The topics of discussion were varied (Yoga, spirituality, photographic strategies, sensory deprivation, ketamine) but one stuck with me, because it was about a man I respect tremendously but of whom we seldom hear anything today.

I'm talking about Thor Heyerdahl. Heyerdahl was a marine biologist and anthropologist and, was best known for the raft voyages he made between North Africa & Polynesia (Contiki) and North Afrika and South America (Ra). He was attempting to prove that contact between the continents, pre Christopher Columbus was possible.
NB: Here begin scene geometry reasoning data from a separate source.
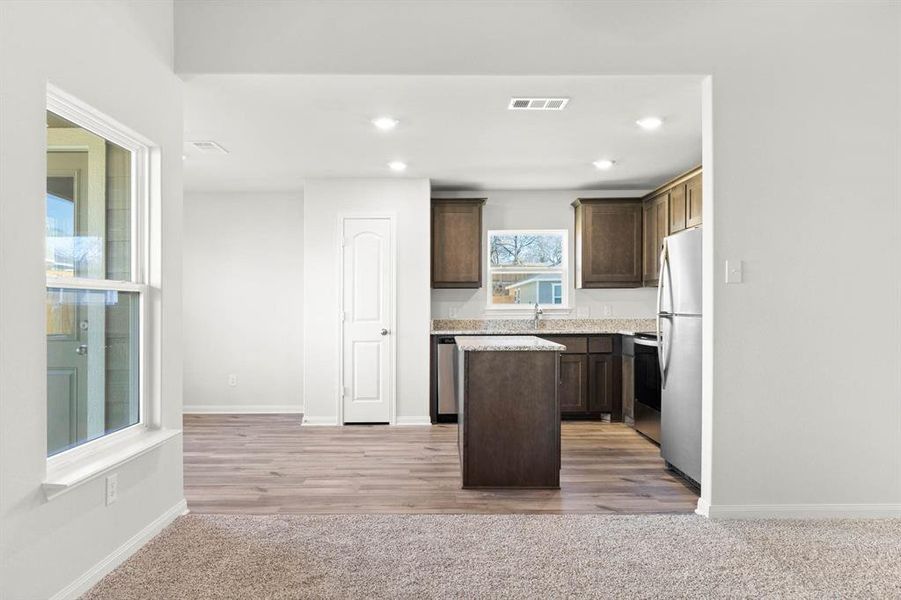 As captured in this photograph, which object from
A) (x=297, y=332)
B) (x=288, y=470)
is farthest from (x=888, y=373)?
(x=297, y=332)

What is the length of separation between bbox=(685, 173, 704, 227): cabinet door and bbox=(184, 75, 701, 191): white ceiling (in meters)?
0.23

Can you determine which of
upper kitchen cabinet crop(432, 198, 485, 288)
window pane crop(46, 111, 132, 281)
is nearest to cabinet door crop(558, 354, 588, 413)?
upper kitchen cabinet crop(432, 198, 485, 288)

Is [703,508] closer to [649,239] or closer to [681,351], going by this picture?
[681,351]

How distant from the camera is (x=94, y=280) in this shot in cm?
242

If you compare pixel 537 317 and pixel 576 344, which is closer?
pixel 576 344

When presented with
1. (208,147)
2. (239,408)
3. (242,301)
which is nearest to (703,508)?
(208,147)

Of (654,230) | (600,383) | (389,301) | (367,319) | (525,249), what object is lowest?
(600,383)

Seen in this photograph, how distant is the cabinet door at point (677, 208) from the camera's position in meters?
5.05

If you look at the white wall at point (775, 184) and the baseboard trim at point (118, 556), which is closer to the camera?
the baseboard trim at point (118, 556)

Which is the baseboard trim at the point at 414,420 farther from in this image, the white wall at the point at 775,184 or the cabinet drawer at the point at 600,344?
the white wall at the point at 775,184

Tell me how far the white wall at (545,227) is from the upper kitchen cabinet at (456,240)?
0.34 metres

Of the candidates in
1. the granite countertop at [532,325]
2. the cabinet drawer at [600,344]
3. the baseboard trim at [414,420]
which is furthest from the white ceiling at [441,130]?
the baseboard trim at [414,420]

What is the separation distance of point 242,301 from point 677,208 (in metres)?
4.52

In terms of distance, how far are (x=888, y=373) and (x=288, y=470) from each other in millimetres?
3636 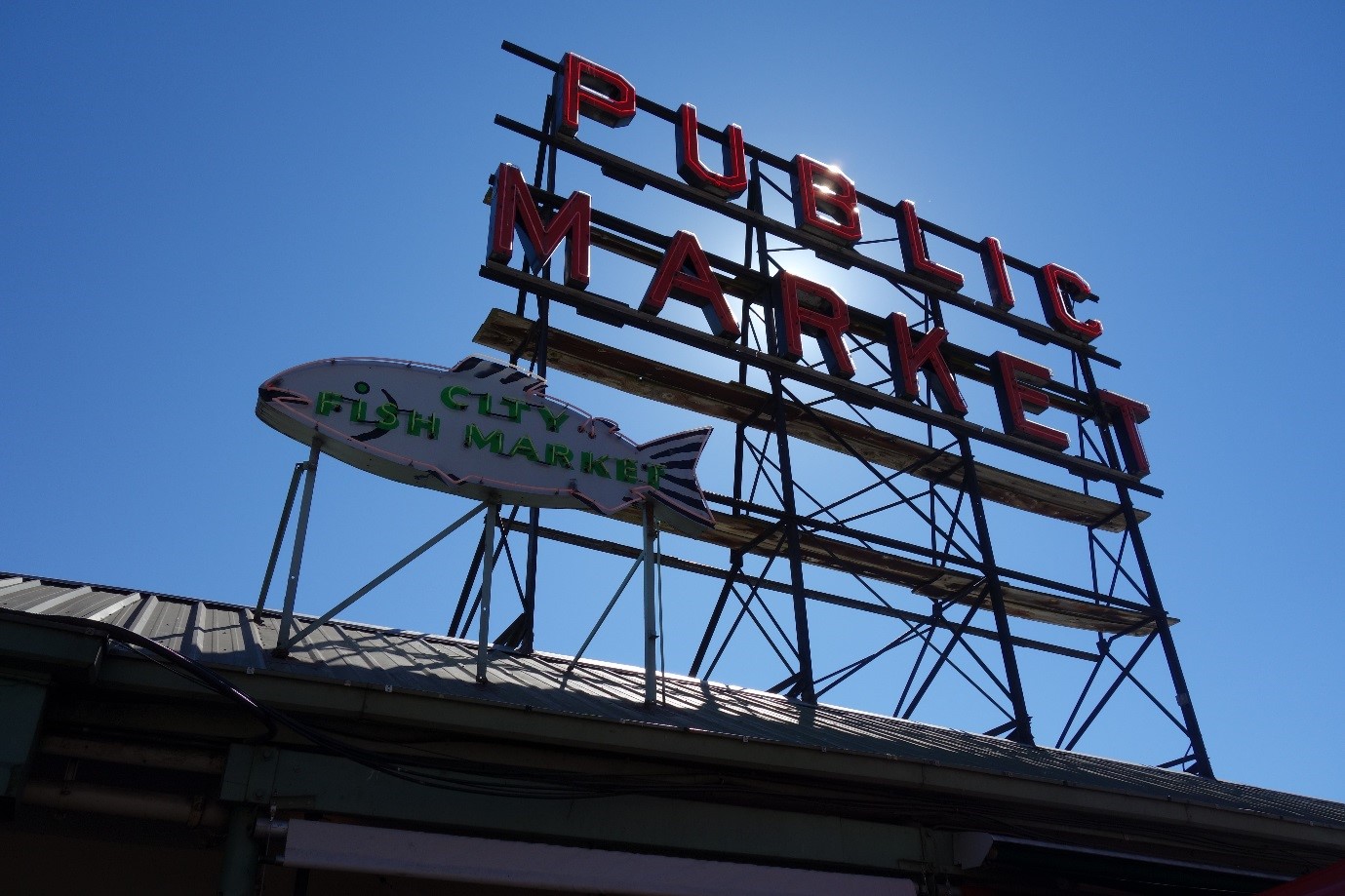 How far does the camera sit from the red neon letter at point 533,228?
13.6 metres

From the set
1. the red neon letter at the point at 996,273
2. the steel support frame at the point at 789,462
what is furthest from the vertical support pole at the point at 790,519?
the red neon letter at the point at 996,273

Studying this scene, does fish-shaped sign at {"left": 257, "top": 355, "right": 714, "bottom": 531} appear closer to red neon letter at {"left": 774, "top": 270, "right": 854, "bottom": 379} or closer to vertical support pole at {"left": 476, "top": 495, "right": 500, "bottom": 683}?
vertical support pole at {"left": 476, "top": 495, "right": 500, "bottom": 683}

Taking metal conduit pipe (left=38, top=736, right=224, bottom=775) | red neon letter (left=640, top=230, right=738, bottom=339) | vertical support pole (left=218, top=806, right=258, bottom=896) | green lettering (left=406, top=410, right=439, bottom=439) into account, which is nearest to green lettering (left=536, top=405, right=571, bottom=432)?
green lettering (left=406, top=410, right=439, bottom=439)

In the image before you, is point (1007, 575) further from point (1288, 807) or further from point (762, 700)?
point (762, 700)

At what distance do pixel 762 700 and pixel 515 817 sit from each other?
4207mm

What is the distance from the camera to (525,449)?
8828 mm

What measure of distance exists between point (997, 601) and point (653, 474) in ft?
22.9

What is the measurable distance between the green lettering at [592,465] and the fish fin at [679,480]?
374mm

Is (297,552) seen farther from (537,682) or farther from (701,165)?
(701,165)

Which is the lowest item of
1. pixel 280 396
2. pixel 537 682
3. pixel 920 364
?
pixel 537 682

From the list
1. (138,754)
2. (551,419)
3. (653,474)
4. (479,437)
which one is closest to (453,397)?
(479,437)

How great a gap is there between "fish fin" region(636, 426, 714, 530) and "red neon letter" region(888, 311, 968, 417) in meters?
7.02

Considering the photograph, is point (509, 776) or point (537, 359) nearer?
point (509, 776)

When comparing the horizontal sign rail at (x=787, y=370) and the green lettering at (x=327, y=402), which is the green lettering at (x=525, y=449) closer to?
the green lettering at (x=327, y=402) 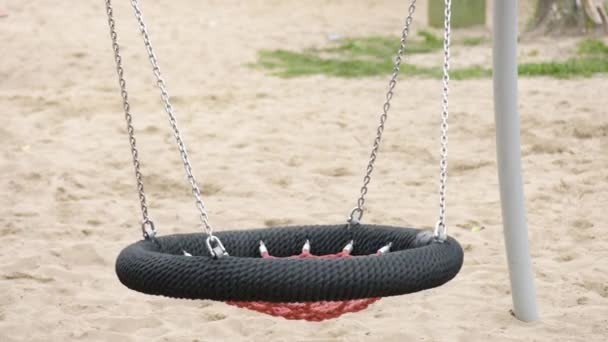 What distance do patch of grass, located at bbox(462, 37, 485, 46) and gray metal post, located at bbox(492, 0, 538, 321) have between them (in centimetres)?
577

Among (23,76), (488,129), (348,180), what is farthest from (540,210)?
(23,76)

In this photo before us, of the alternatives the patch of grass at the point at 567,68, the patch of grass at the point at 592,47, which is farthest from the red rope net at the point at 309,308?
the patch of grass at the point at 592,47

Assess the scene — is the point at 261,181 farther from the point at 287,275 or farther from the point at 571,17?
the point at 571,17

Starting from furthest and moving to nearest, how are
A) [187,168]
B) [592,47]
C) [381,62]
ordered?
[381,62]
[592,47]
[187,168]

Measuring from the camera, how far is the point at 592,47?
26.2 ft

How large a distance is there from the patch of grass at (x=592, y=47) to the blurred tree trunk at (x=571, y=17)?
455 millimetres

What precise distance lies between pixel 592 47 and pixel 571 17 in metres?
0.76

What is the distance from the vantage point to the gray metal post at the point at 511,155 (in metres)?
3.12

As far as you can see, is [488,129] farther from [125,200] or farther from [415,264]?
[415,264]

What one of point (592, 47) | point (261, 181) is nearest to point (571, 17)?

Of course, today, we know that the Chinese sailed those waters in boats of inimaginable size (for their time) at the same time as Columbus, and what they did before is lost in myth.

I first encountered Heyerdahl with his book about the Ra expeditions and the impact of that book has never left me.

The book is a mixture of scientific credibility, opposition to the mainstream of science, navigation of the politics of bureaucracy and a powerful statement against the politics of the super powers. In this curious cycle the book also explores the dynamics of a team of men stuck on a raft together for long periods, racial tensions within the group at a time when Martin Luther King was having trouble fighting for the freedom of Black America and the materialization of a dream, a faith and a lust for adventure.

Amidst all these currents this is not fiction; it is reality - a reality born of dreams.